In the first half of the twentieth century, irrigation was developed in Iraq either by merely digging a channel on the riverbanks or by a series of barrages and weirs for raising water levels to facilitate off-take. From the 1920’s and onwards, large landholders along the margins of the rivers also developed pump irrigation. Land suitable for agriculture is about 11.11 million hectares (which is about 25% of Iraq’s landmass), whereas land technically and economically suitable for irrigation is about 5.72 million hectares. The main irrigated crops are wheat, barley, rice, maize, vegetables and dates.
About 70% of the country’s cultivated area is now under irrigation while the remaining 30% are under rain-fed cultivation. In some areas supplementary irrigation is used to complement rainfall, the entire natural rangeland relies solely on rainfall. 62.8% of the areas under irrigation receive water through gravity irrigation projects, 36% pumped from rivers and major channels and 1.2% from groundwater aquifers and springs.
However, there are a set of challenges associated with irrigation in Iraq that need to be addressed. The first one is related to outdated and damaged irrigation infrastructure. Headworks have operated for a long time without maintenance or proper management plans. Most pumping stations were built in early 1970’s and although many worn-out components have been replaced, hundreds of large irrigation and drainage pumping stations are still in poor state. Most are severely run down, and some can no longer be repaired. The primary, secondary and tertiary canal networks are also degraded due to lack of maintenance. Deterioration of canal linings, the outgrowth of weeds and sedimentation has reduced conveyance capacity significantly. With drainage system incomplete, FAO estimated that less than one-quarter of Iraq’s area developed for irrigation is equipped for drainage. Many drains are blocked and many of the drainage pumps used for lifting effluents into the outfalls have broken down.

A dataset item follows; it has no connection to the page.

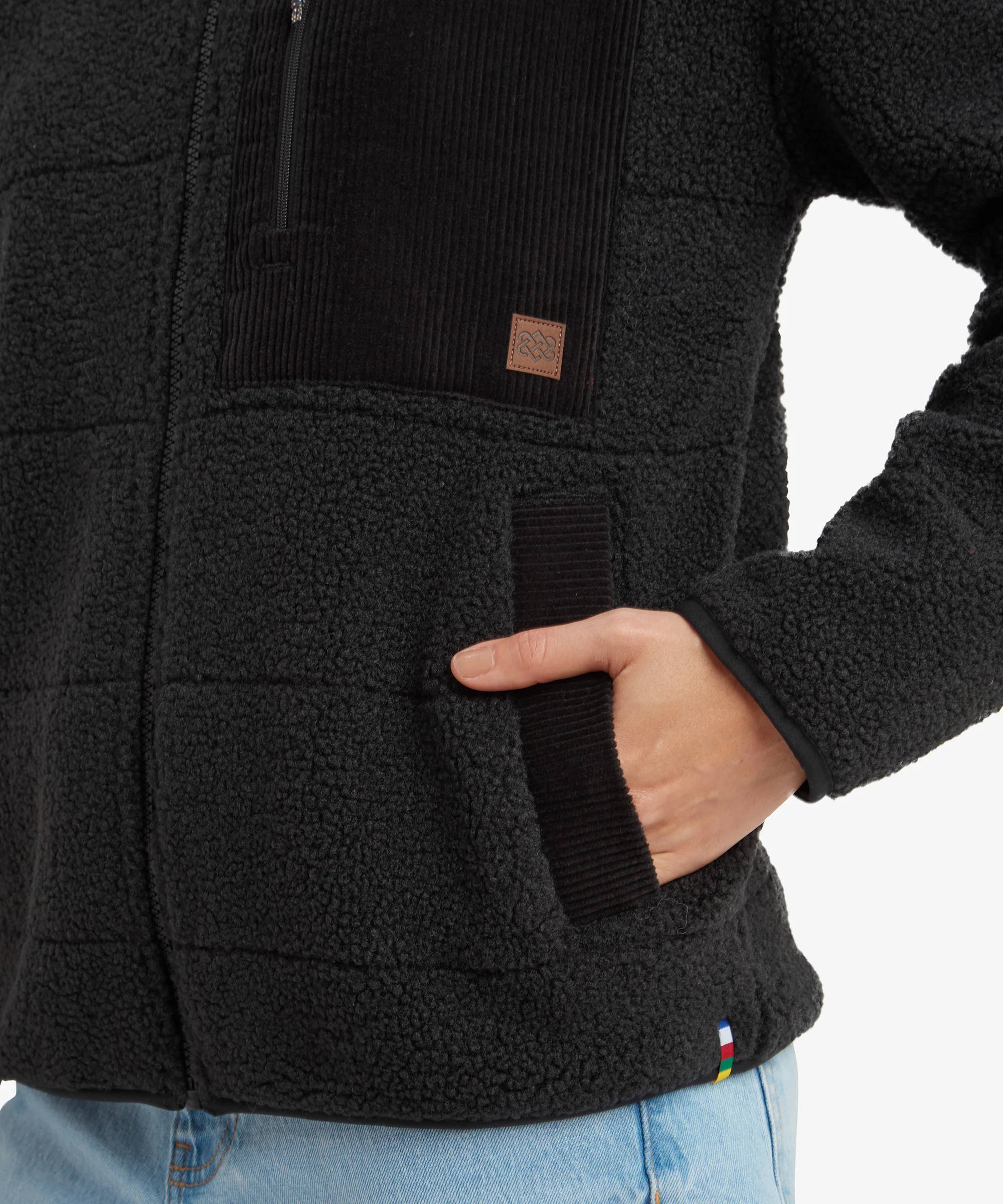 Rangeli Full Zip Fleece Jacket - Black - Image 8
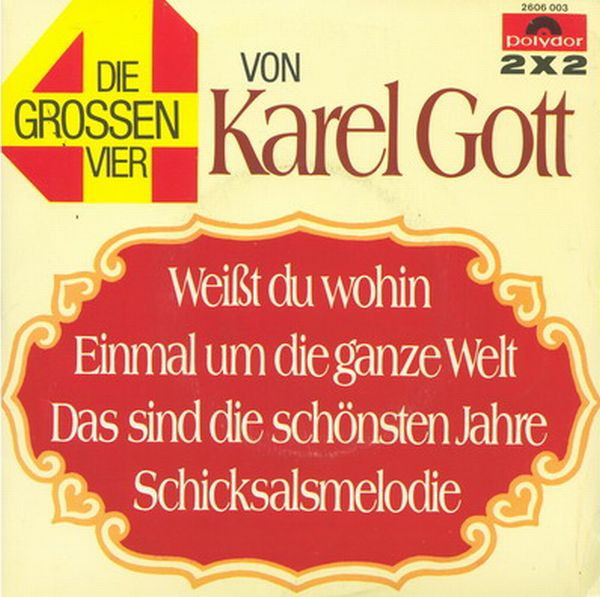 Bild Karel Gott - Die Grossen Vier Von Karel Gott (2x7, Single) Schallplatten Ankauf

Another central issue in water resources management is the protection of water quality. Iraq’s irrigation water is not naturally saline. The problem has arisen from the combination of over-irrigation, poor drainage, and high evaporation rates. The increasing salinity of irrigation water is exacerbating many problems. The level of salinity in the Euphrates River is high and is expected to increase with the development of irrigation in the basin, particularly in the dry season. Consequently, irrigated cropping areas were diminished and productivity severely affected. Salinization and water-logging have reportedly contributed to the abandonment of about 1.5 million hectares, which is 40% of the area developed for irrigation.
Drainage works, combined with upstream damming has also had a devastating impact on the Iraqi Marshlands. The Central and Al-Ham’mar marshlands have completely collapsed, with the numerous economic benefits provided by the marshlands from fishing, haunting and rice cultivation being lost.
Apart from Iraq’s ineffective irrigation system, irrigation by itself is problematic. Irrigation is the largest abuser of water, more accurately fresh water, especially in developing countries where the irrigation methods are insufficiently developed. In Iraq, it represents almost 80% of the overall water withdrawal in the country. However, severe water shortages are developing in the arid and semi-arid regions, with the inescapable conclusion is that irrigation has to produce more food with less water. Added to Iraq’s case is the development of irrigation projects in the upstream countries, notably the southeast Anatolian GAP project in Turkey and the irrigation projects in Syria, which will reduce Iraqi irrigation potential, something that poses a security and diplomatic challenge.
With the lack of a strategic policy for water in the region in addition to the absence of education that helps farmers to avoid abusing water, Iraq would allow the later to gamble with the future of agriculture and the water security in Iraq.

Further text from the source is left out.